# Exercise details:
Would you repeat the listing exactly but omit every picture?
*** Data extract ***
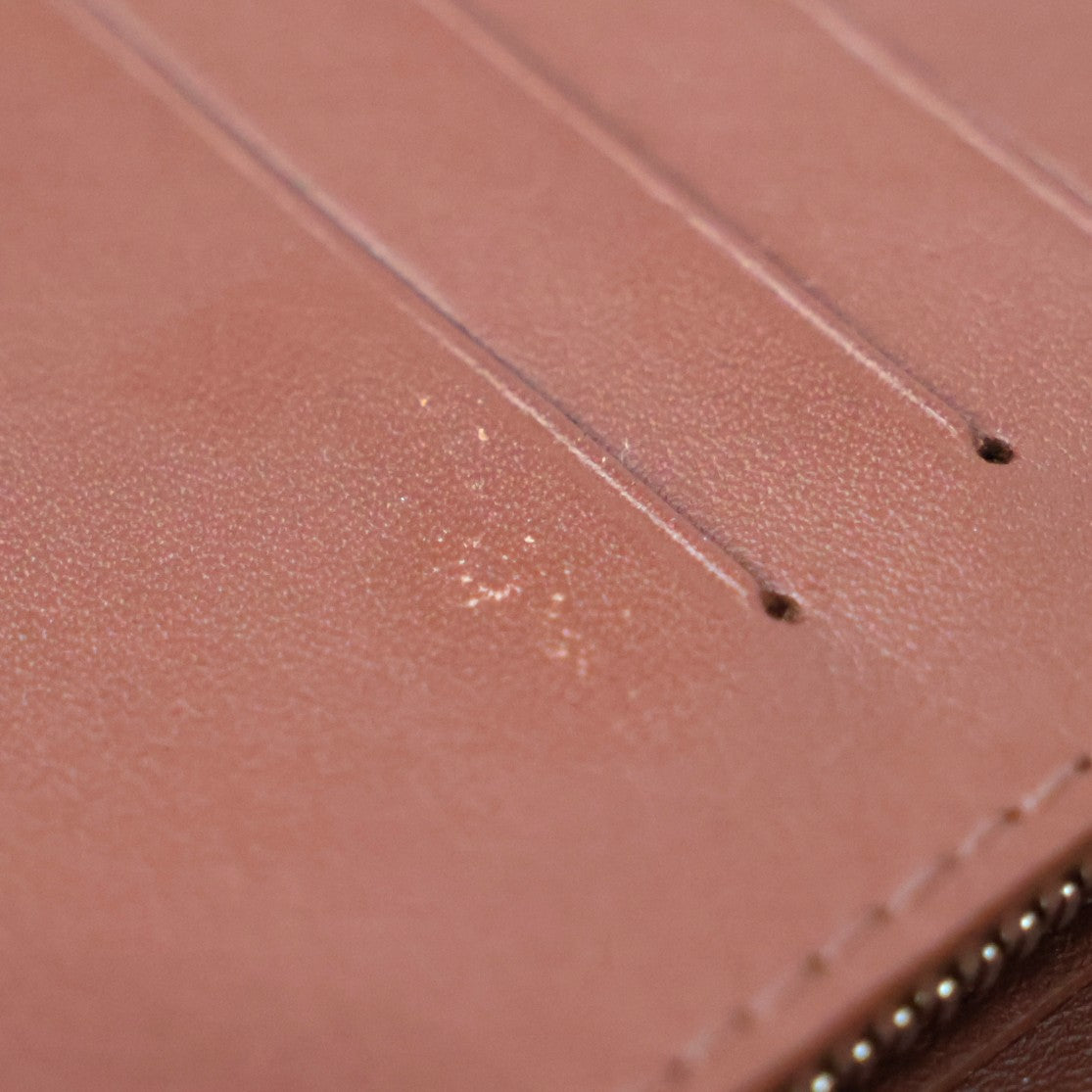 LOUIS VUITTON M61195 BRAZZA LONG WALLET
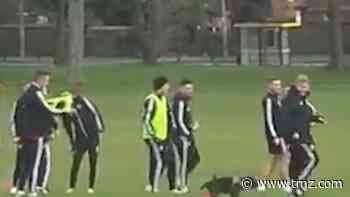 Dog Invades Premier League Soccer Workout, Pees All Over Cones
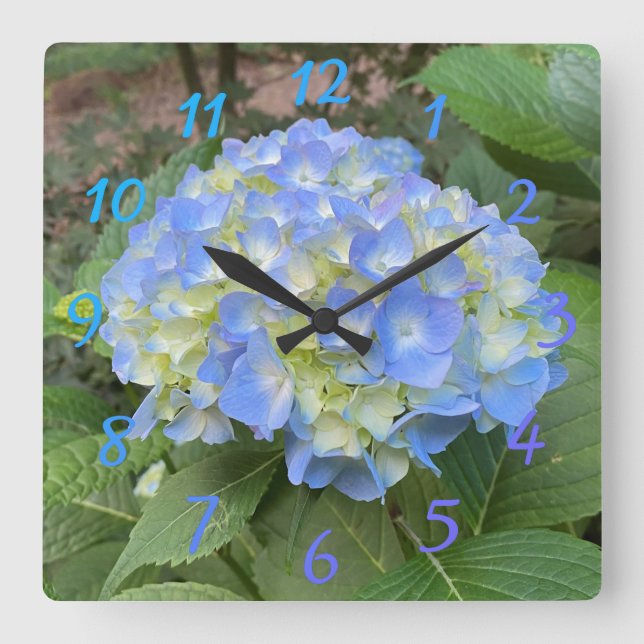 Sweet Pale Blue Mophead Hydrangea Numeral Clock (Front)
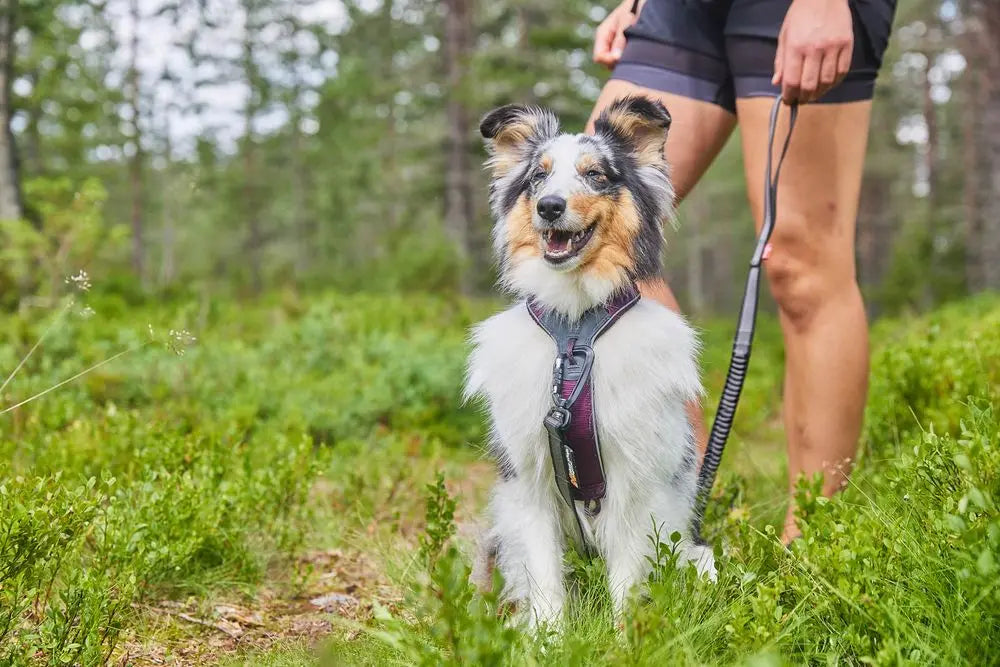 Line Harness 5.0 for Dog Walking and Hiking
*** End of Data extract ***
# Solution:
 LOUIS VUITTON M61195 BRAZZA LONG WALLET
 Dog Invades Premier League Soccer Workout, Pees All Over Cones
 Sweet Pale Blue Mophead Hydrangea Numeral Clock (Front)
 Line Harness 5.0 for Dog Walking and Hiking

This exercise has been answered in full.